**Assignment**
Reproduction of part of the material below, pictures omitted: copy exactly, and only, the lines starting with the one with "Pink roses in" and going on through the one with "istock two friends".

*** Entries supplied Section Begins ***

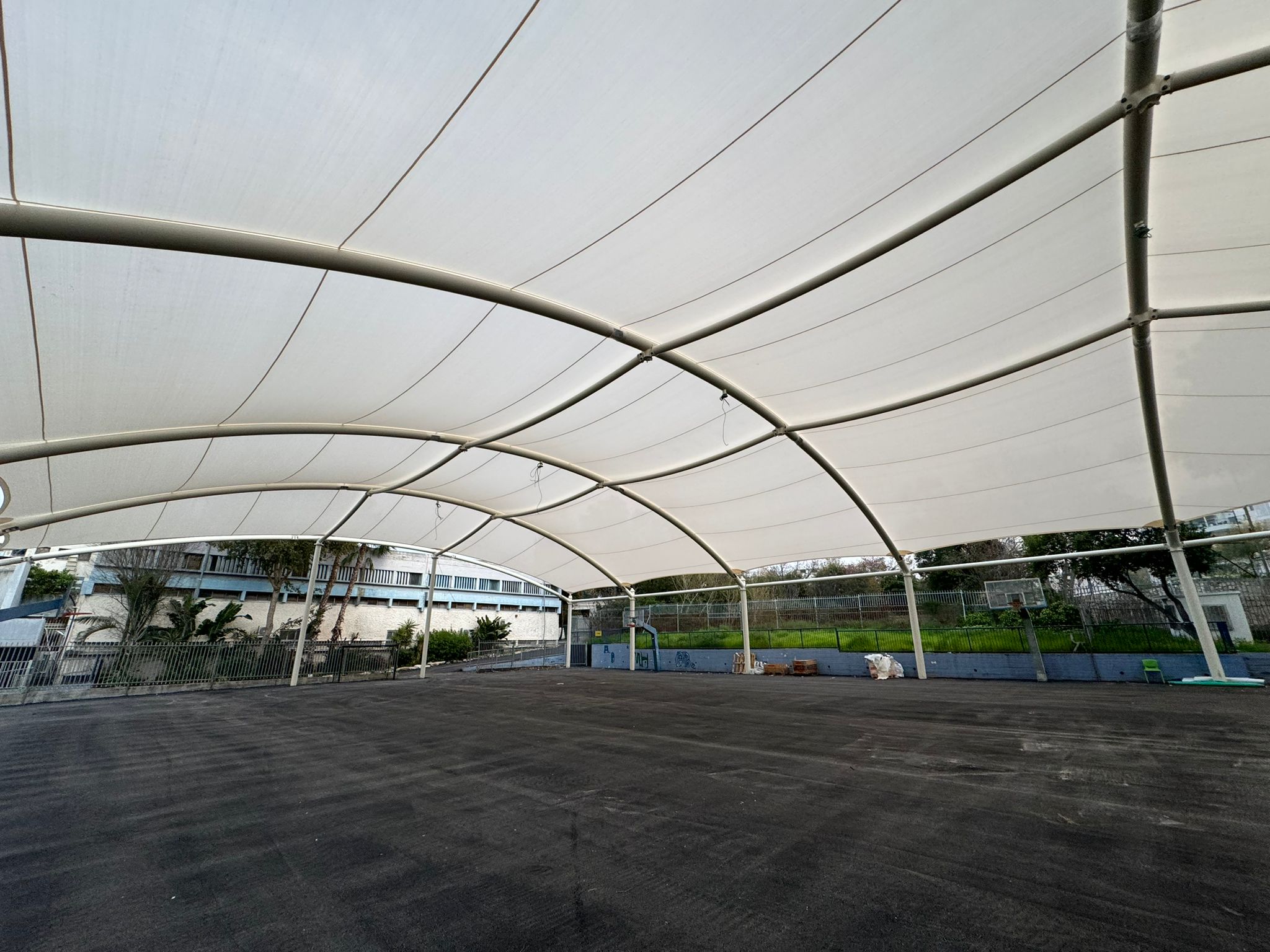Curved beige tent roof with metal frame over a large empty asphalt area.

*** Entries supplied Section Ends ***
*** Entries supplied Section Begins ***

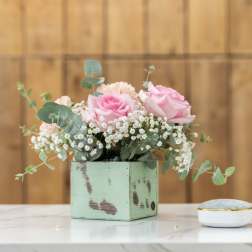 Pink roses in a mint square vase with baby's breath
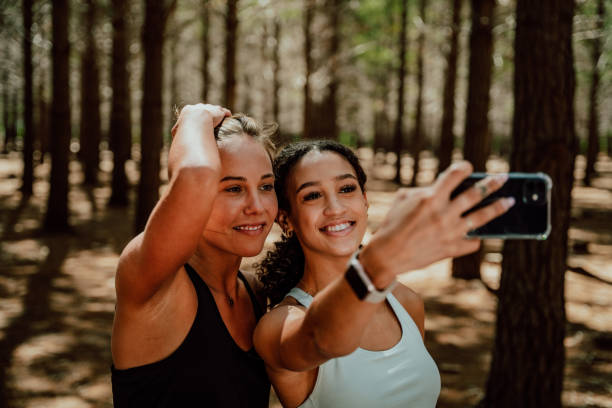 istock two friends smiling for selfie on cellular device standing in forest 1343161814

*** Entries supplied Section Ends ***
*** Entries supplied Section Begins ***

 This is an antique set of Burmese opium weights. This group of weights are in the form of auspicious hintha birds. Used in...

*** Entries supplied Section Ends ***

**Exercise answer**
 Pink roses in a mint square vase with baby's breath
 istock two friends smiling for selfie on cellular device standing in forest 1343161814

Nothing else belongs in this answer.